In South Korea Thursday a court acquitted a Japanese journalist of criminal defamation for reporting that President Park Geun-hye was involved in an illicit tryst at the time a deadly ferry accident occurred last year.
The journalist’s prosecution had drawn criticism from human rights and press advocacy groups concerned about the erosion of free speech in South Korea.
After the not guilty verdict was announced the defendant Tatsuya Kato, the former Seoul bureau chief for the Japanese newspaper Sankei, expressed no sense of satisfaction after his yearlong legal battle.
“The result of the trial was very obvious and I do not have any special emotion,” he said.
The case was based on an article Kato wrote last year suggesting that President Park, who is not married, was absent for seven hours during the Sewol ferry disaster because she was engaged in an romantic liaison with a married aide.
Prosecutors had said Kato’s article was based on false facts and requested an 18-month prison term.
Kato maintains that he was targeted by the prosecution and defended his actions saying that the news story served the public’s interest.
“I want to point out that the process was unfair and discriminatory from the start of the investigation,” he said.
Prior to the verdict, Foreign Ministry spokesman Cho June-hyuck said his office had contacted the prosecutor to ask for clemency.
The Sewol ferry capsized during a voyage to the island of Jeju in April of 2014. More than 300 passengers, many of them high school students, died.
Park’s business-friendly government was criticized for lax enforcement of public safety to bolster economic development. Her public approval rating dropped during the Sewol accident from 50 percent to 29 percent.
Some of president’s critics have voiced concerns that in pressing the case against Kato, Park abused the law to protect her image.
The controversial criminal defamation statute along with the national security law that authorizes the government to censor the media was intended to counter North Korean espionage and propaganda.
Free speech advocates have denounced criminal defamation laws as working against the public interest by deterring people from speaking out against misconduct by public officials.

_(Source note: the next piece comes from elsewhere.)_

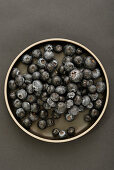Blueberries on dark background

In democratic societies, they argue, less harsh civil defamation laws, which award compensation for damages and don’t sentence offenders to prison, and criminal incitement laws are sufficient for protecting reputations and maintaining public order.
‘Stifles a free press’
A statement released by Phil Robertson, deputy director of Human Rights Watch’s Asia Division, expressed relief at the court decision but said “that doesn’t change the fact that South Korea’s criminal defamation law is problematic because it stifles a free press, has a chilling effect on freedom of expression, and works against the public interest by gagging critics and whistle-blowers.”
In 2011 Freedom House categorized South Korea as a “partly free” country that actively censors the media.
In 2012, the human rights organization Amnesty International called on the South Korean government to scale back or repeal the national security laws after it documented a dramatic and recent increase of cases that it said involved the government using the law in a “politically motivated attempt to silence debate.”
Journalist organizations, including Reporters Without Borders, have voiced concerns about this case and the possible chilling effect it could have on press freedom in South Korea.
Kato believes he was singled out for prosecution because his Japanese paper, the Sankei Shimbun, is aligned with the policies of Japan Prime Minister Shinzo Abe.
The trial came at a time of strained relations between Seoul and Tokyo, fueled by resentment in South Korea over Abe’s refusal to apologize and make restitution to the thousands of women forced into sex slavery by the Japanese military during World War Two.
In the last few months, the two major U.S. allies in Asia have met and agreed to work to find a peaceful resolution to their differences.